Thursday, July 26, 2007

Harry Potter & the Deathly Hallows by JK Rowling

At 2am EST on July 22, I finished reading Harry Potter and the Deathly Hallows, 26 hours after its release. There are no true spoilers in this entry, and any pseudo-spoilers will come with warnings.

Roommate was in NYC for the release, and by midday on the 20th, he was text messaging me to let me know that crowds had already gathered. I headed downtown Saratoga Springs around 7pm and picked up my wristband from Borders. The clerk said that my green wristband would allow me into the green line and then festivities began at nine. I parked myself at the bookstore across the street—Uncommon Grounds—to do some grading. The location gave me the opportunity to check out the Borders line whenever I went out to grab a smoke.

By 10pm, a throng had gathered, but even by 11 or so, it hadn’t increased. When I headed over at 1130, I felt pretty confident that, although Roommate had been telling me that there were thousands gathered in Times Square, Saratoga would be an in-and-out venture. What I hadn’t realized was that the crowd outside was just catching some air… inside it was breast-to-back claustrophobia.

Had the clerk done me a favor when bestowing me with a green wristband? I’ll never know. But after fighting my way through the crowds, I found that the green line was the shortest. I took my place behind a cloaked mom and a daughter dressed as Crookshanks and held my precarious ground. The other colored lines were double the green even then and expanded to fill the small store. When green built up behind me it grew slowly—us green folks were the lucky ones.

The store had raffle drawings and bingo. I paid little attention to either. A handsome man, 31 year old ad salesman, took the green space behind me. He reeked of liquor and made loud jokes about the costumed attendees. He will remain an enigma to me, as he was brutal and yet… still in line for his own copy. At one point I spun around and said, “You DO realize that this is book meant for kids, right?” He admitted to being a Star Wars geek and having dressed in costume for a premier or two. And so, I gave him a bit of a hard time. My elbow bumped him hard when I was taking off my sweatshirt in the oppressive heat, and when I apologized, he said, “I’ll never complain about a pretty girl taking her clothes off in front of me.” He (I did catch his name, but have forgotten it) seemed rather intent on picking me up, until I flatly told him that nothing short of nuclear war was going to stop me from starting to read HP as soon as I bought it.

So, strange crowd indeed.

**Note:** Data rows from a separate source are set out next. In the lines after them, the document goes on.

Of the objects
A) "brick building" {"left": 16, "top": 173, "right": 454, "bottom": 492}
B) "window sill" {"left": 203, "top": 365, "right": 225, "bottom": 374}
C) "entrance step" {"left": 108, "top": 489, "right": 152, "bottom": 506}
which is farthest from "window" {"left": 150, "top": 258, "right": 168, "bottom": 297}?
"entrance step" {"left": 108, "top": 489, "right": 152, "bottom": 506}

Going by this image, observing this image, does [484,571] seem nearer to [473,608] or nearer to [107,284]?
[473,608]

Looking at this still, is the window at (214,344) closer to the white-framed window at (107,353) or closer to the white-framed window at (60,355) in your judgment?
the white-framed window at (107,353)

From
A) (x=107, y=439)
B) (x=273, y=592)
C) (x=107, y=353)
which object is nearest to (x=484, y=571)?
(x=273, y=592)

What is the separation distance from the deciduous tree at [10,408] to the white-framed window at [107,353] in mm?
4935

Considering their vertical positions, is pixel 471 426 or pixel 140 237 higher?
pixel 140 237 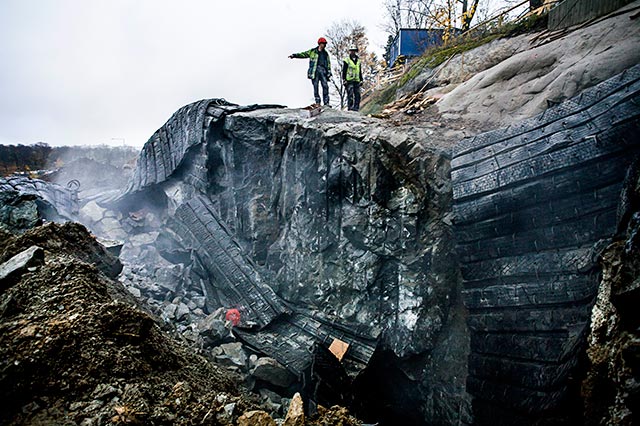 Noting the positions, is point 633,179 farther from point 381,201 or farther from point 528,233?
point 381,201

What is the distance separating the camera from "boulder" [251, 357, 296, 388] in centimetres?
378

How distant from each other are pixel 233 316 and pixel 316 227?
197 centimetres

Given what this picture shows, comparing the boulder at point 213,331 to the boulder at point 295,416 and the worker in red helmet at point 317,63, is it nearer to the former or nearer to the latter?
the boulder at point 295,416

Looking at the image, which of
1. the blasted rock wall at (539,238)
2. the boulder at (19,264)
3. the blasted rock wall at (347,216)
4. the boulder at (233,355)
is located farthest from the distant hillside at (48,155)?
the blasted rock wall at (539,238)

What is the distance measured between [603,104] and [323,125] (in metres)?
3.06

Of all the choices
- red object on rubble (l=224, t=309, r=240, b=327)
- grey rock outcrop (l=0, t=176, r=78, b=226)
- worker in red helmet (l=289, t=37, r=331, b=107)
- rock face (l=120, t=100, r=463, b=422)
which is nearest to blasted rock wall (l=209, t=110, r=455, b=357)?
rock face (l=120, t=100, r=463, b=422)

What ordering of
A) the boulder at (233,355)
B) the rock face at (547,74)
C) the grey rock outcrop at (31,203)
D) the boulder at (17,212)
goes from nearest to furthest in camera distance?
the rock face at (547,74)
the boulder at (233,355)
the boulder at (17,212)
the grey rock outcrop at (31,203)

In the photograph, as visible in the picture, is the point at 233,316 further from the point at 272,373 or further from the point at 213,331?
the point at 272,373

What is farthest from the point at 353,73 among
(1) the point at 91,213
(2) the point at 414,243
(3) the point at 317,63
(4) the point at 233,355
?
(1) the point at 91,213

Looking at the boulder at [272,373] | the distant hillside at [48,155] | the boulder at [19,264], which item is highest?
the distant hillside at [48,155]

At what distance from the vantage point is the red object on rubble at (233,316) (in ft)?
15.7

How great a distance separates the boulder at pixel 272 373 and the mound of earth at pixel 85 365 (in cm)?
187

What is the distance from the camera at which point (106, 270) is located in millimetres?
3590

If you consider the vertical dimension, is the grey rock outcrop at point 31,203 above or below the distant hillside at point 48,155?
below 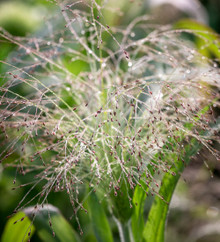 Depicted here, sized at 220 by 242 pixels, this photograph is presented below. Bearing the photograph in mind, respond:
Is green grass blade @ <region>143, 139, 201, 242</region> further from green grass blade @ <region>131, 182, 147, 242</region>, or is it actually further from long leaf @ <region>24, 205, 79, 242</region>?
long leaf @ <region>24, 205, 79, 242</region>

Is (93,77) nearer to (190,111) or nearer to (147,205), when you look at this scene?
(190,111)

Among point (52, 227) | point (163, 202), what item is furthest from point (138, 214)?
point (52, 227)

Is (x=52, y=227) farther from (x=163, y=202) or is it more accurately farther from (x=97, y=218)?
(x=163, y=202)

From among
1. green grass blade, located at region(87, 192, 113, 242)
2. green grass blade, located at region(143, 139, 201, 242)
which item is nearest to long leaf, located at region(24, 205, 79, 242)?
green grass blade, located at region(87, 192, 113, 242)

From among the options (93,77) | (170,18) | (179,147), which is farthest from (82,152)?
(170,18)

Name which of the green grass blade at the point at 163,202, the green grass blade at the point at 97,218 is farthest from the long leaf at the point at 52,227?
the green grass blade at the point at 163,202

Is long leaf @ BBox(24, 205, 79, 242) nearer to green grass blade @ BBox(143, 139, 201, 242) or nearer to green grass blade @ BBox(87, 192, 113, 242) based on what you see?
green grass blade @ BBox(87, 192, 113, 242)

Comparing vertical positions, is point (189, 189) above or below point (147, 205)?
below

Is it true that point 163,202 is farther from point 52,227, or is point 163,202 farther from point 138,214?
point 52,227

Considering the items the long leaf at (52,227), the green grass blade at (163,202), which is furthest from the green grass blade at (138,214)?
the long leaf at (52,227)

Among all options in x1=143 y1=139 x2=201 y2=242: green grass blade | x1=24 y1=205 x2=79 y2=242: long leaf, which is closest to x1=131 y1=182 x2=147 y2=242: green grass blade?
x1=143 y1=139 x2=201 y2=242: green grass blade

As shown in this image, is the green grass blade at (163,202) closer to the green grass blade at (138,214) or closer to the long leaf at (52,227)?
the green grass blade at (138,214) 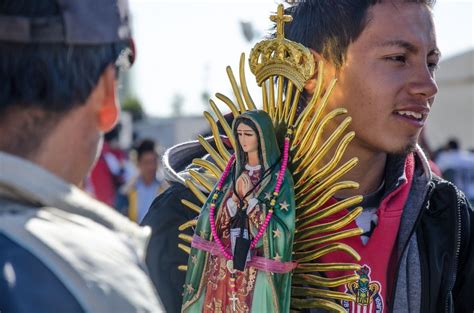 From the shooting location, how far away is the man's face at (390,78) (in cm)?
229

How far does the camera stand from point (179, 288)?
225 cm

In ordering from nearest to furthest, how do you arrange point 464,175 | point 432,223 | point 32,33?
1. point 32,33
2. point 432,223
3. point 464,175

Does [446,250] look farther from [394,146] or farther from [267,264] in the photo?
[267,264]

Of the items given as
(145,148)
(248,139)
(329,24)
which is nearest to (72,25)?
(248,139)

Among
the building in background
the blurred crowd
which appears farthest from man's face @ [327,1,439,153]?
the building in background

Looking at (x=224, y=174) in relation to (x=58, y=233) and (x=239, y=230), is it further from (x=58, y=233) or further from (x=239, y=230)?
(x=58, y=233)

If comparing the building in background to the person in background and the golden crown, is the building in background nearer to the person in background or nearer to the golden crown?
the person in background

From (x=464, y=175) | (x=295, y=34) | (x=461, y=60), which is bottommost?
(x=464, y=175)

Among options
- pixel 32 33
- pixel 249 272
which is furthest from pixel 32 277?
pixel 249 272

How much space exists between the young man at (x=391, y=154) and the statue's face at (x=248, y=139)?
32 cm

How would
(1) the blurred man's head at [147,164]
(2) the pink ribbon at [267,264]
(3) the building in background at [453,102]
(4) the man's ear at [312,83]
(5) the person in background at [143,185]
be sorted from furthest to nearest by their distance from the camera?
(3) the building in background at [453,102], (1) the blurred man's head at [147,164], (5) the person in background at [143,185], (4) the man's ear at [312,83], (2) the pink ribbon at [267,264]

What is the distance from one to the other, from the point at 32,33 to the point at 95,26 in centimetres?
10

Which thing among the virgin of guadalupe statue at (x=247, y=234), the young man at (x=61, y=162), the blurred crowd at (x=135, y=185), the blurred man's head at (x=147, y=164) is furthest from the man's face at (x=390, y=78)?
the blurred man's head at (x=147, y=164)

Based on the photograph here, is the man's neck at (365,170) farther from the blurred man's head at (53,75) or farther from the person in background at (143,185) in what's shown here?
the person in background at (143,185) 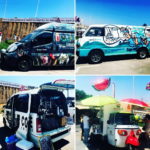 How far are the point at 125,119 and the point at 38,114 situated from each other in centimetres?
184

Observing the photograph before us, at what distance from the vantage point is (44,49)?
550 cm

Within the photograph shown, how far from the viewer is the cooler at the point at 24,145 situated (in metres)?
4.36

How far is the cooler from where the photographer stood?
4363 millimetres

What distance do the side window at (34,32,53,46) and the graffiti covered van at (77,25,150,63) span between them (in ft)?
2.48

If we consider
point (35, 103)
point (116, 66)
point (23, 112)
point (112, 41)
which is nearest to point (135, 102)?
point (116, 66)

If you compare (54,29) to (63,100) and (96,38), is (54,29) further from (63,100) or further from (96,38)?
(63,100)

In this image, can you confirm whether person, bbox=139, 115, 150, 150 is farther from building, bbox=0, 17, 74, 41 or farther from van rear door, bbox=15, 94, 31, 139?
building, bbox=0, 17, 74, 41

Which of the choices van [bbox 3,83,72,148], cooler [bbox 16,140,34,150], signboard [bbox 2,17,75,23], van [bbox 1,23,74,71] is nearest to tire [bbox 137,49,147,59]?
van [bbox 1,23,74,71]

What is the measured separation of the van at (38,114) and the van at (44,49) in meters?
0.92

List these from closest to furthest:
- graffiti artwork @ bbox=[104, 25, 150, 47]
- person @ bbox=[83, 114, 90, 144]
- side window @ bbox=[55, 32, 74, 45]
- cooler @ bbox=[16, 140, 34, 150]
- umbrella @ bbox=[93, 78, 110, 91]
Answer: cooler @ bbox=[16, 140, 34, 150]
person @ bbox=[83, 114, 90, 144]
umbrella @ bbox=[93, 78, 110, 91]
side window @ bbox=[55, 32, 74, 45]
graffiti artwork @ bbox=[104, 25, 150, 47]

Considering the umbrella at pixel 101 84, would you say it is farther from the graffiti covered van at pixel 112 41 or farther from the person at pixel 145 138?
the person at pixel 145 138

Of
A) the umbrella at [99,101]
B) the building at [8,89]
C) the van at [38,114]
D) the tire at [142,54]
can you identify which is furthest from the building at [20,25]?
the tire at [142,54]

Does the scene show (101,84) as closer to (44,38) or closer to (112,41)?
(112,41)

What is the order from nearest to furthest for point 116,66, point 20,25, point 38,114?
point 38,114 → point 20,25 → point 116,66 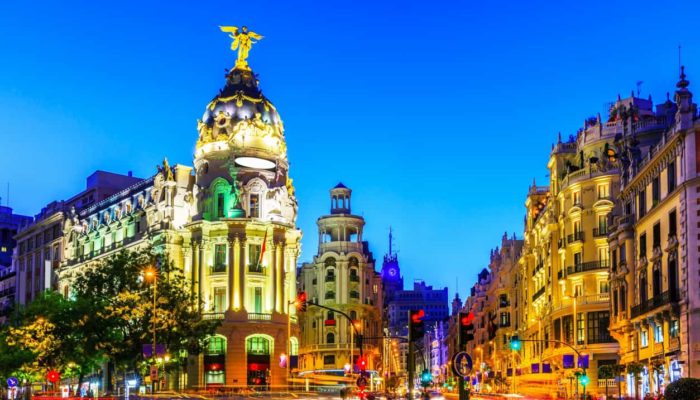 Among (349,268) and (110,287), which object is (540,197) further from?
(110,287)

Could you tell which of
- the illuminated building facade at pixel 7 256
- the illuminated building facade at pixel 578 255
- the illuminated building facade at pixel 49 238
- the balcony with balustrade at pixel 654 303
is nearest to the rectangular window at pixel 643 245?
the balcony with balustrade at pixel 654 303

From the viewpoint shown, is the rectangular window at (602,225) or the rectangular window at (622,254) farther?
the rectangular window at (602,225)

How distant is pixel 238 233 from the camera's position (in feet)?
327

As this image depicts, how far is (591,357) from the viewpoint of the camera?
3125 inches

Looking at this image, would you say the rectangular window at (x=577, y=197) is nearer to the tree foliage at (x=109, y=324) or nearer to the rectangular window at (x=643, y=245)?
the rectangular window at (x=643, y=245)

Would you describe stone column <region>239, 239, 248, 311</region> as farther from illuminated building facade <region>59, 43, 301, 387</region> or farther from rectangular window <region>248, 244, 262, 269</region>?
rectangular window <region>248, 244, 262, 269</region>

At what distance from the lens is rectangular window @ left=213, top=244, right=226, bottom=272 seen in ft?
327

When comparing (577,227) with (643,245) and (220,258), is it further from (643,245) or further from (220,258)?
(220,258)

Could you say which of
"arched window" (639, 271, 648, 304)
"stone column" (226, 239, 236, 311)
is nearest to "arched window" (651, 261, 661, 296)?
"arched window" (639, 271, 648, 304)

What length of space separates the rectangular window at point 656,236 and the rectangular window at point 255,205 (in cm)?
5097

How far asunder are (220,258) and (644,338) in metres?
50.9

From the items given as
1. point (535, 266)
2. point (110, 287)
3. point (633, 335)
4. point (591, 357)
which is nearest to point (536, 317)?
point (535, 266)

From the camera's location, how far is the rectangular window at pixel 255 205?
101m

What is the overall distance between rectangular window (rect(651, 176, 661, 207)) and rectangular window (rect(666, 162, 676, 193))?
2.33 meters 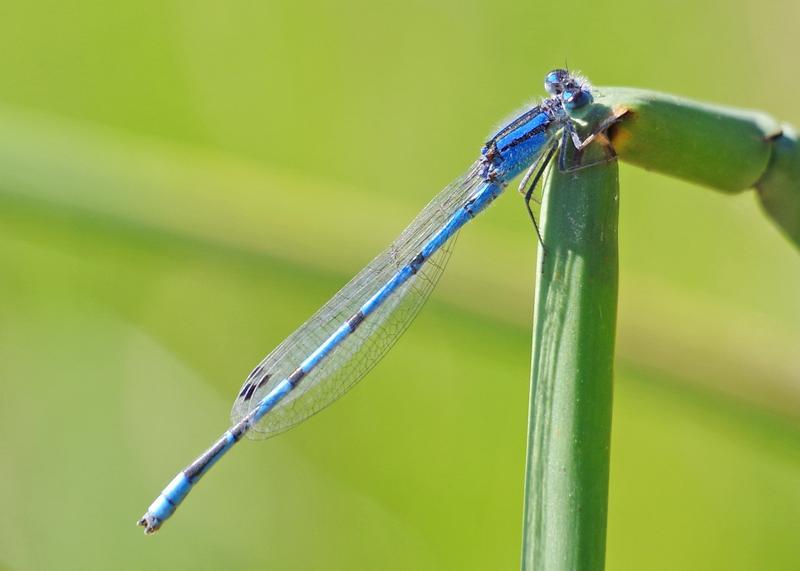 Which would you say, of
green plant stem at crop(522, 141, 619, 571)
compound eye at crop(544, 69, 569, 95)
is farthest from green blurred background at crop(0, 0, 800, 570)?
green plant stem at crop(522, 141, 619, 571)

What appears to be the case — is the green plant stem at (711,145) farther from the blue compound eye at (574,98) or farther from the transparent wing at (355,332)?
the transparent wing at (355,332)

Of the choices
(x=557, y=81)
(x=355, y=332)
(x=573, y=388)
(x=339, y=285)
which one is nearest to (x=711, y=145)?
(x=573, y=388)

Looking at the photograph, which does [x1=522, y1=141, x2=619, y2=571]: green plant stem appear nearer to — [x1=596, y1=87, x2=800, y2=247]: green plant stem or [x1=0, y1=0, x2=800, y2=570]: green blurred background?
[x1=596, y1=87, x2=800, y2=247]: green plant stem

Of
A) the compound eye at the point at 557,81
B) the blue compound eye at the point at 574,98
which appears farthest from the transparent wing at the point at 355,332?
the blue compound eye at the point at 574,98

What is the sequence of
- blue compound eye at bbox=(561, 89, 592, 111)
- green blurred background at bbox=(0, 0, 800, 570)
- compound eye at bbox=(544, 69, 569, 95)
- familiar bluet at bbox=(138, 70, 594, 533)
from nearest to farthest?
blue compound eye at bbox=(561, 89, 592, 111) → compound eye at bbox=(544, 69, 569, 95) → green blurred background at bbox=(0, 0, 800, 570) → familiar bluet at bbox=(138, 70, 594, 533)

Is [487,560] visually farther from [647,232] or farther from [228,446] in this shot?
[647,232]

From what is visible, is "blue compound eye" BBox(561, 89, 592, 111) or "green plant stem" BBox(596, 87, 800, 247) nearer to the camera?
"green plant stem" BBox(596, 87, 800, 247)

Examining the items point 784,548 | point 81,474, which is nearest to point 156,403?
point 81,474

I admired Crookshanks’s “witches brew” necklace and she disappeared and returned with one for me. I made small talk with drunk guy, and he honked his horn at me and screamed out the window when he drove by me (he shouldn’t have been driving) on my way back to the car. Next to me were parents—locals—in line so their wee ones on the balcony wouldn’t be crushed by the hoards on the selling floor.

Green magic worked in my favor and I walked out at 12:21 am with my prize. Headed straight back to my dorm lodging at Skidmore College where my box o’wine awaited me. And by 12:45, I’d cracked open both the box and the book.

Read until the wine made me sleepy at 4am-ish. Woke at my 8am alarm and cursed myself for not shutting it off. I considered continuing to read in my bed at 8, but fought it and then couldn’t get back to sleep. I lay awake for two hours, thinking about the book. And I came up with what I thought would be the perfect fate for Harry. This may be a spoiler but I promise that I won’t tell you if I was right or not so don’t finish this paragraph if you don’t even want any ideas: My thought was it would be perfect if Harry survived and somehow became the first, really permanent Defense of the Dark Arts professor at Hogwarts.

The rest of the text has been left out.